PALMER — About 300 teachers packed a Mat-Su school board meeting Wednesday night to voice frustrations over a contract stalemate amid skyrocketing health care costs.
Many at the regular meeting held at Matanuska-Susitna Borough District headquarters in Palmer were dressed in black and held yellow signs saying "Respect=Fair contract."
Mat-Su teachers, like their counterparts in Anchorage, are working without a contract. The multi-year negotiated agreements that both districts operate under ended June 30. Anchorage teachers rejected an offer last week.
But there's no contract to reject in Mat-Su — or room for negotiations.
The district and teachers union declared an impasse Nov. 9, according to district spokeswoman Jillian Morrissey. That means mediation starting late December or early January.
"There is no more coming to the table," Morrissey said in an interview Thursday.
Health insurance is at the center of the debate because it costs the district $40 million a year, second only to teacher salaries, officials say.
Teachers want the district to "move toward the middle" in future negotiations, Tim Walters, president of the Mat-Su Education Association teachers union, told the board Wednesday night.
Walters characterized the district's current offer as teachers working as hard as they do now — or harder — for three days less pay. He also said the district wants teachers to pay another $2,100 in annual insurance premiums, plus any potential increases next year.
District officials, however, say have not yet calculated any cost increases. Premiums will be released in spring by the Public Education Health Trust, the NEA-Alaska program that provides health insurance for Mat-Su teachers.
In another point of contention, the district has requested that the trust release aggregate claims data — a collection of health expenses in categories, according to information on the district's negotiations update web page.
The data, the district site continues, "is NOT a reporting of health records by (a) person. It is NOT a summary of personal identifiable records for you or your dependents."
Nonetheless, several teachers accused the district of trying to get private health information to see if adopting a self-insured model pencils out for Mat-Su.
Dianne Shibe, an English teacher at Colony High School and teachers union vice president, accused the district of sabotaging negotiations to force the trust to provide health information that's unethical for it to release.
"They're holding the negotiations hostage," Shibe said.
School board members Wednesday night pressed the trust's chief financial officer, Rhonda Kitter, to release the claims information to help the district make sure they're getting a good deal.
The health trust does not give out information on claims, Kitter said firmly during several exchanges.
"We want to know if you really are, and you may be, the best thing we could ever look for," said school board member Ole Larson, referring to the trust. "But we don't know that. What would be wrong with giving us claims data and seeing if the Public Health Trust is the best thing?"
District administrators can "easily" get a quote from Premera or any other potential insurers without the information, Kitter responded.
"You don't need claims data to shop around," she said later, to another board member's question.
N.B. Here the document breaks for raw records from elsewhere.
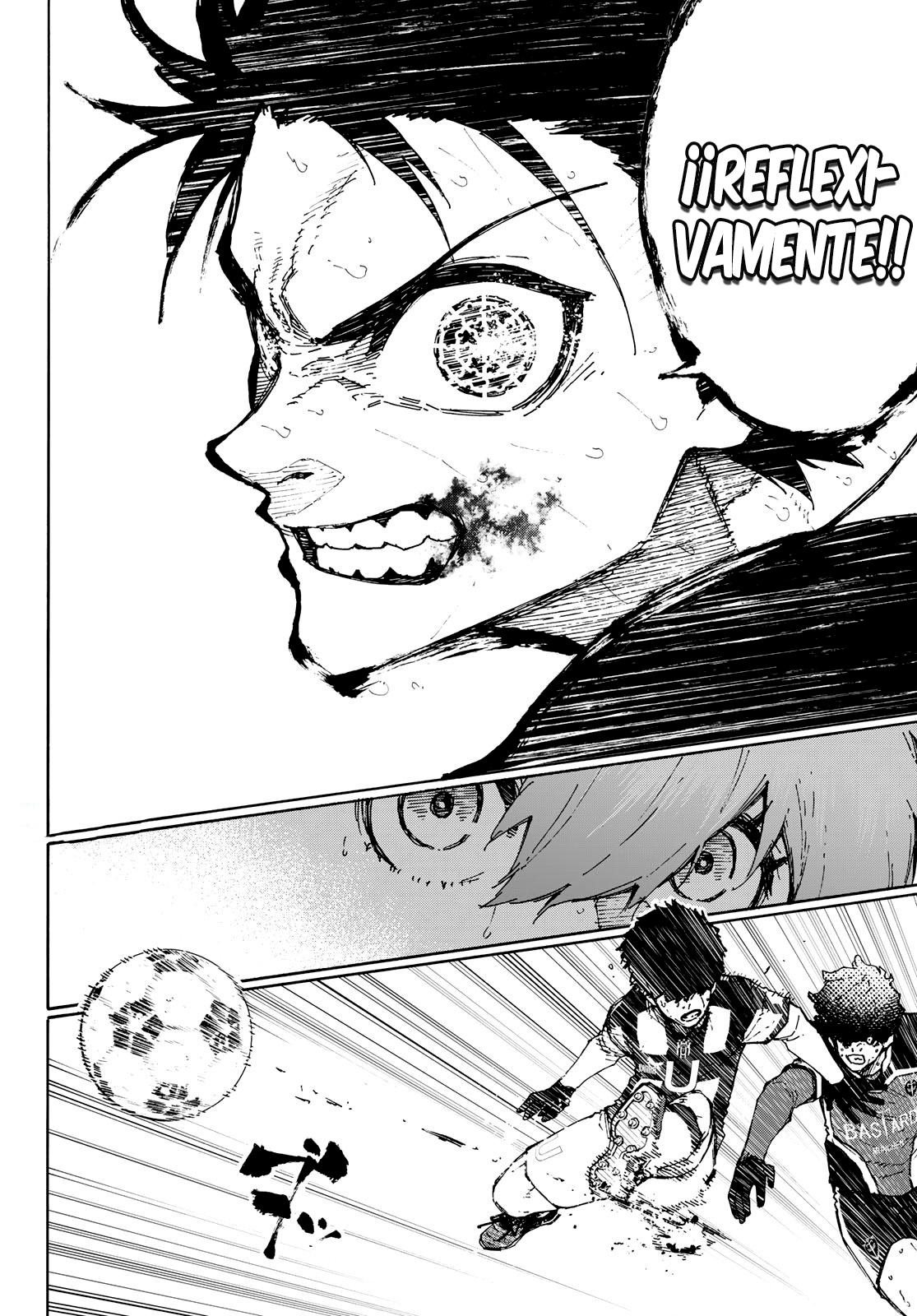 Read Blue Lock manga online español Manga Online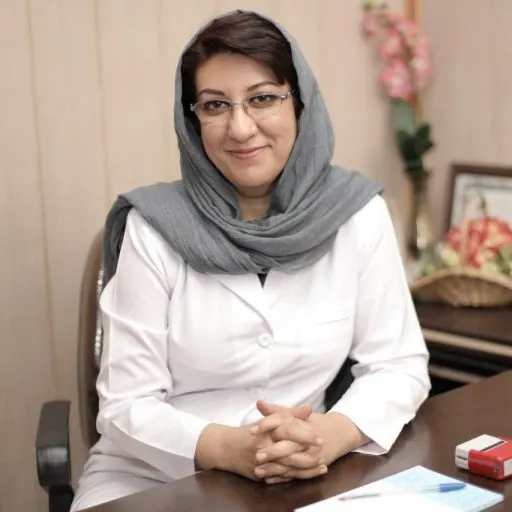 دکتر فریده مظفری کرمانی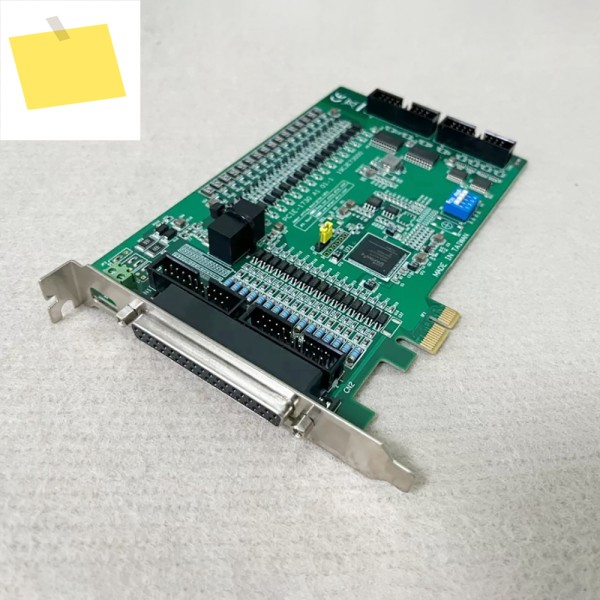 32채널 IO 카드 HD 캡처 PCIE-1730 A1 절연형 디지털 입출력 제품 이미지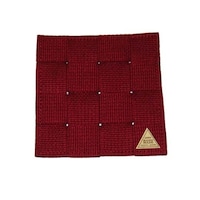 シンビ シンビ コースター 角 #850 ワイン 5316700 5316700 1個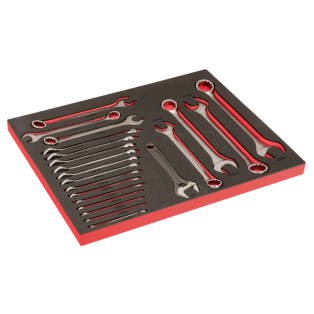 Foam 3 Dotación Auto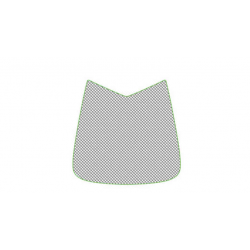 Tank guard decal Colour: Aprilia Black [Black]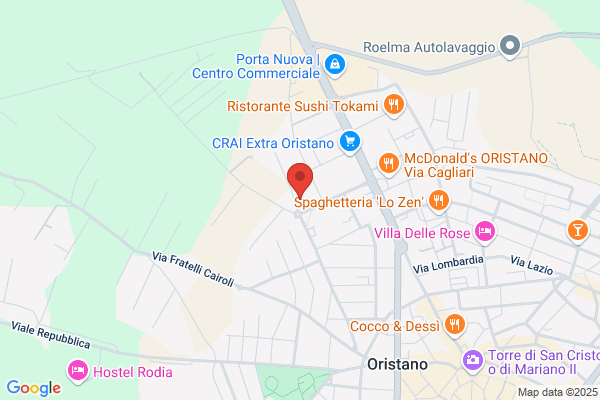 Libera Associazione Artigiani Della Prov. Di Oristano Aderente claai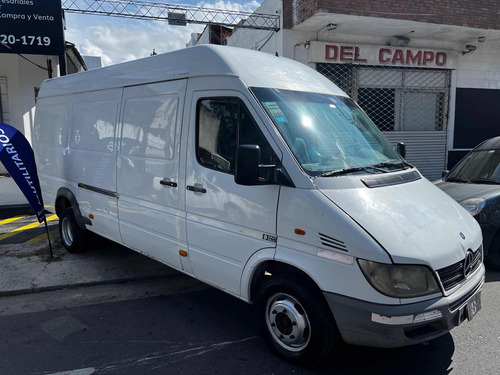 Mercedes-Benz Sprinter 2.1 413 Furgon 4025 Te V2 (gb2a6)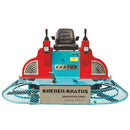 Zacieraczka samojezdna (podwójna) KREBER KRATOS K-446-2-THH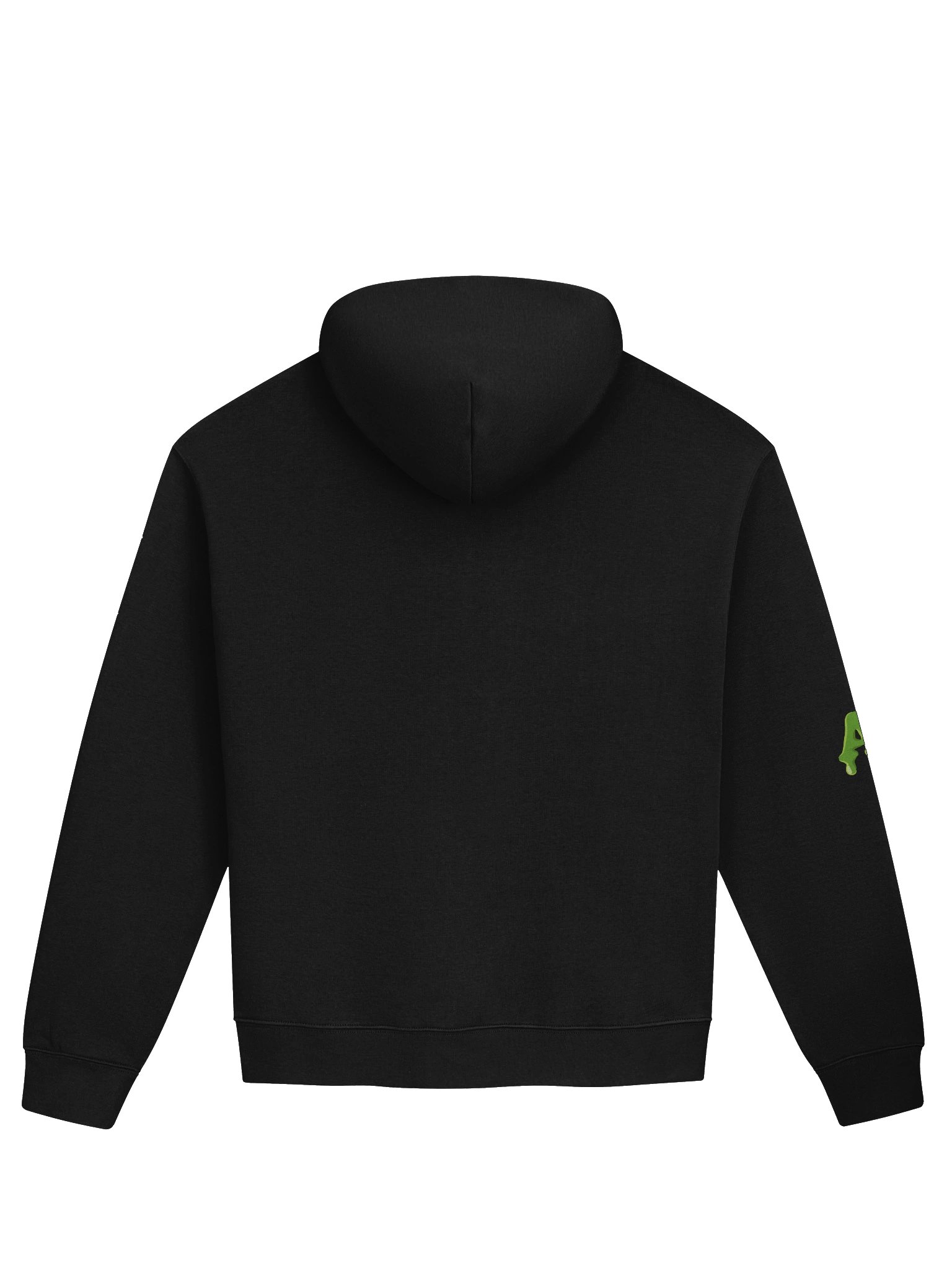 Neon Drip Acid V1p3R Eco Hoodie product image (2)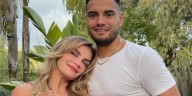 “Sos el pibe más genial”: la declaración de amor de Eliana Guercio a Chiquito Romero en su despedida de Boca Juniors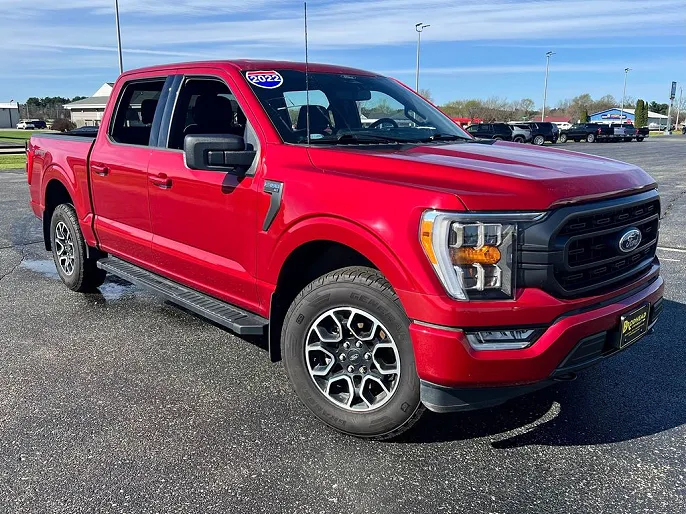 2022 Ford F-150
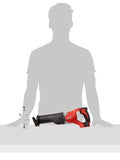 M18 Lithium Ion Cordless Sawzall, 3000 RPM, 18V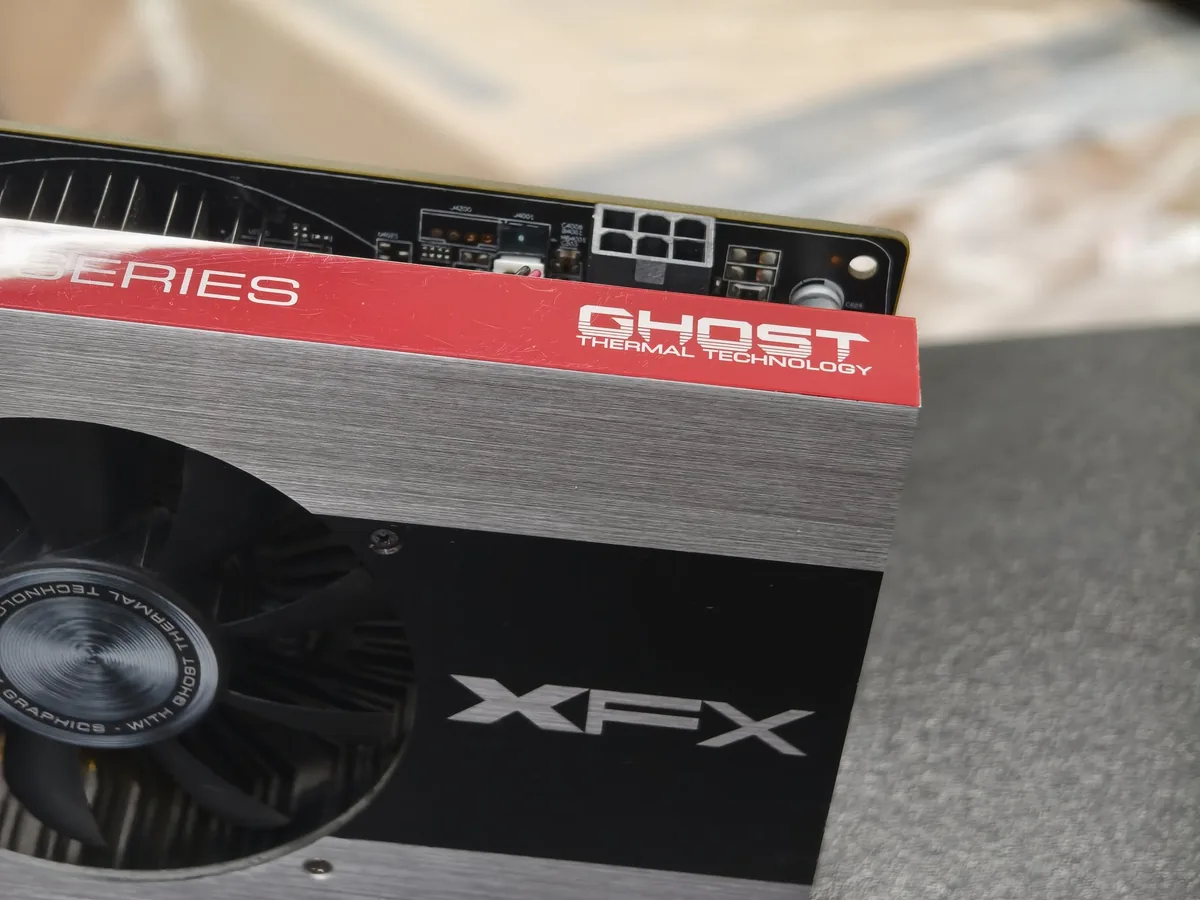 XFX Radeon HD 7770 1 Гб - фото 2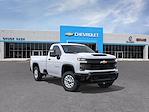 New 2026 Chevrolet Silverado 2500 Work Truck Regular Cab for sale #FTF220117 - photo 1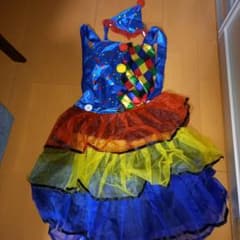 ピエロ衣装、ハロウィンのサムネイル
The district has made no decisions on future health insurance options, Morrissey said Thursday.
The Mat-Su district operates 47 school sites with nearly 19,000 students in the state's fastest growing area, a borough the size of West Virginia with more than 100,000 residents.
The district's poverty rate rose 30 percent from 2000 to 2010, according to superintendent Monica Goyette.
Numerous teachers told the board they're juggling the standard teacher's workload but also buying furniture and supplies, coming in early and working late, and juggling extra duties.
Wendy DeGraffenried, school nurse at Wasilla Middle School, created an after-school program to teach students about emotions and give them mindfulness strategies.
DeGraffenried also serves on the school's trauma-sensitive team. Students suffering from serious problems show up in her office. She trains other teachers.
None of it is easy, she said. "There is no reason that us, as adults, cannot take the suffering that we potentially are looking at and come to the table."